I had a class in college in which we had to prove something like 0*a = 0 for all a on a test. What you’re asked to do basically is to use the axioms of arithmetic along with the few things shown in class that were proven using those axioms. That was the only class where we really couldn’t use everything we knew about mathematics in our proofs, but the concepts were extended in other classes in the sense that one learned how to be rigorous in that class. You were expected to always prove any statement that hadn’t been proven in class, regardless of how obvious it was. If it was obvious, you could just write down the few lines to prove it. If it wasn’t obvious but came up a lot, it would be gone over in class.
But for mathematics papers in general, they will usually freely declare certain things as obvious that are from it, because the techniques needed to prove them are not particularly difficult. You might need to prove some general element has a certain property and it takes several pages to do so only because you need to consider every case and work through the details each time, but all of that logic is very mechanical in nature. A professor called it “following your nose”, and such results were quite often called “obvious” even if a tremendous amount of work was involved in rigorously proving it, and jokes about this process are often made. In general, just like in class with frequently used results, there are going to be plenty of non-obvious “obvious” things that people will have already agreed upon as having been settled and can be used freely. I don’t remember the details, but I recall an instructor giving a long proof through Zorn’s Lemma to show something and said at the end of it “of course, most of the time we don’t go through all this, we just say it’s true via Zorn’s Lemma, and everyone knows the process to go through”.

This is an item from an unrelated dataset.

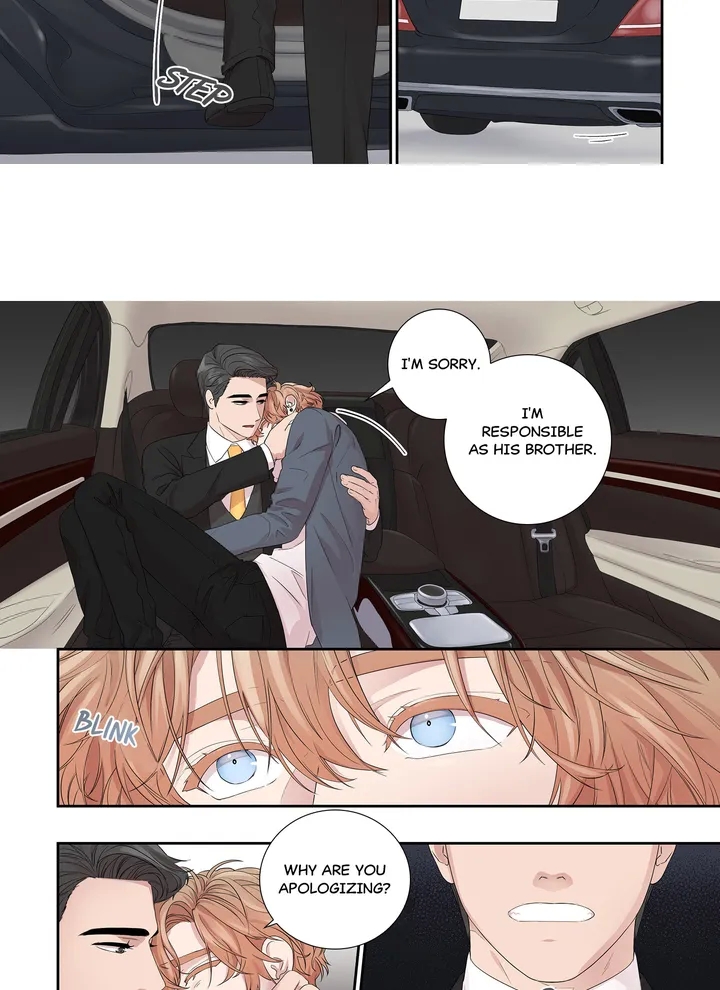 Read To Dominant chapter 16 image 23 on Lezhin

How do you know what you’re allowed to do in general? Well, generally you are allowed to use anything that has been shown to be true to you in the group with which the problem is presented. That is, if it’s for a class, use only things proven or stated as axioms for that class. If it’s for your own use, use anything that you’ve proven to be true yourself. When you get into publishing papers, you generally use the results of any other paper published, and you cite them.